Blackrock’s new trading platform as attack on traditional money managers (l): background

I’m going to write two posts about the internal trade order-matching network that Blackrock intends to have up and running next year.  This one will provide background, some of which I’ve written about before.  Tomorrow’s will deal with how the Blackrock network fits as a strategic weapon in the money manager’s arsenal.

three types of commission

For a conventional money manager, commissions paid for trades–or bid-asked spreads, which amount to the same thing–break out into three types, from most expensive to least:

–research commissions, aka “soft dollar” commissions.  These commissions consist of a payment to a broker for executing and recording a trade plus an amount to compensate for research services.  Ten years ago the research service payment was predominantly in return for information from the broker’s own in-house research.  Today, most brokerage house analysts have been laid off and work in independent research boutiques that their former employers act as middlemen for.

The amount paid per trade will depend on the size and trading habits of a given institutional client, by may amount to, say, $.05 per share.

–commissions for execution.  These are paid strictly in accord with the SEC mandate for registered money managers to obtain “best price” and “best execution” when they trade for clients. They might amount to $.03 per share, of which $.015 might be the broker’s cost and the remainder a profit element.

–trades through electronic crossing networks, aka “dark pools” (for fantasy or vampire fans, I guess).  These have become increasingly popular.  One advantage of such networks is their low cost–maybe $.001 over the expense of executing a trade.  The second is their anonymity–you don’t run the risk that your intentions are not only broadcast to your broker’s proprietary trading desk, as they surely are, but also to all the broker’s best customers as well.

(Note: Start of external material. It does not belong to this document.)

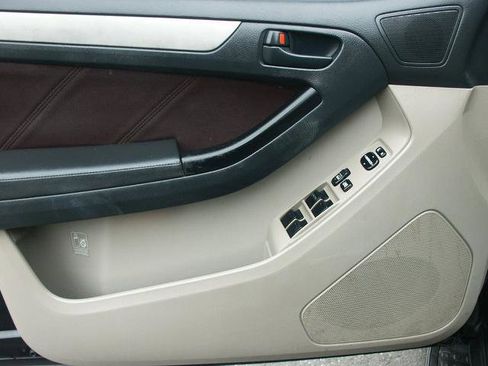 Used 2007 Toyota 4Runner SR5 AWD/4WD image 14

attacks on the conventional model

Blackrock’s new trading platform is the latest one.  That’s tomorrow’s story.

A second attack, blunted for a while by the financial crisis, is coming from Fidelity and concerns soft dollars.

When I entered the industry, conventional money management firms typically had large cadres of in-house research analysts who serviced the firm’s portfolio managers and reported to a research director.  This was expensive.  Also, in many cases the firms didn’t have strong enough general management to ensure the in-house research was any good.

As time went on, firms gradually shrank their in-house research efforts.  Instead, they began to increasingly depend on analysis generated by the brokerage houses they traded with–paid for with higher-than-normal commissions.  This “solved” the management problem.  And it had the added benefit of increasing profits by shifting the cost of research away from salaries paid out of the money manager’s fee income to commission expense paid by the client!

How do you justify this, either to the SEC (assuming the agency weren’t clueless) or to clients?  The standard response was that this was normal industry practice.  How so?  …because that’s what the industry giant, Fidelity, does.  The mantra has been that if Fidelity allocates 15% of its commission volume to pay for research, it’s ok for everyone else to do that, too.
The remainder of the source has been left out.